Mehmet Şimşek kira gelirleri, ev satışları ve artık kim bilir nelere ek vergiler getirmekle meşgul!..

Ama, bir açıklaması var ki...

“Vergi kaçakçılığıyla mücadelede, vergi kaçakçılarını ihbar edenlere, tespit edilen vergi ve vergi kaybı cezasının yüzde 10’u tutarında ikramiye ödenecektir”.

Tamam, ben de şimdi ihbar ediyorum!..

Maliye Bakanlığı’nı Maliye Bakanlığı’na ihbar ediyorum!..

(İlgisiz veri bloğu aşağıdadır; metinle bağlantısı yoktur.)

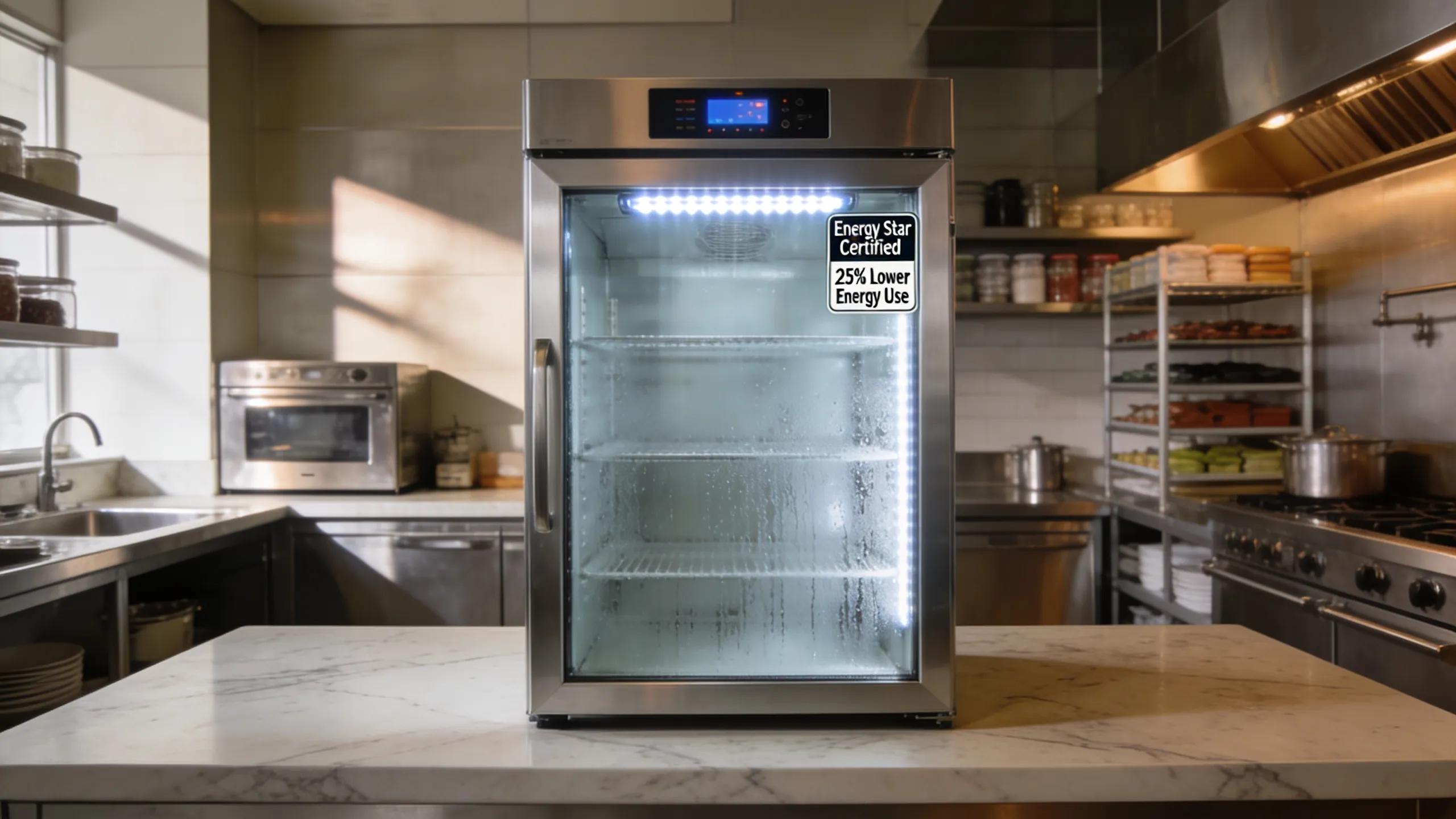 Energy-efficient commercial refrigeration unit in a modern kitchen environment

Kaçakçılıkla ilgisi yok elbette ama vergi indirimi, vergi bağışıklığı yoluyla, Maliye Bakanlığı 2 trilyon 200 milyar liralık vergiden vazgeçtiği için ihbar ediyorum.

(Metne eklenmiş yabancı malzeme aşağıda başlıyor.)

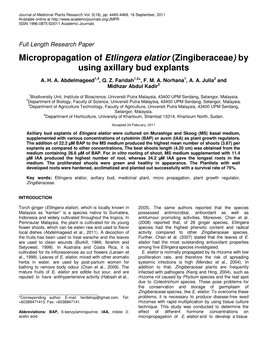 Micropropagation of Etlingera Elatior (Zingiberaceae) by Using Axillary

Mehmet Şimşek’e soruyorum:

“-Son günlerde değişik gazete ve TV’lerde daha sık dile getirilen bu rakam doğru mu?..

- Maliye Bakanlığı bu konuda bir açıklama yapmıyor. Neden?..

  1. a) Çünkü bu rakam doğru,
  2. b) Vazgeçilen o vergilere dokunamıyor, 
  3. c) Düşük ve orta gelir gruplarını daha fazla kızdırmaktan çekiniyor,
  4. d) Hepsi birden.”

İkramiyesi filan kalsın, o vergilere neden dokunamıyorsunuz, onu açıklayın!..

Emekli mitingi

Merak ediyorum, Mehmet Şimşek acaba...

“- Emeklilerin dünkü mitingini kıyısından köşesinden de olsa, izlemiş olabilir mi?..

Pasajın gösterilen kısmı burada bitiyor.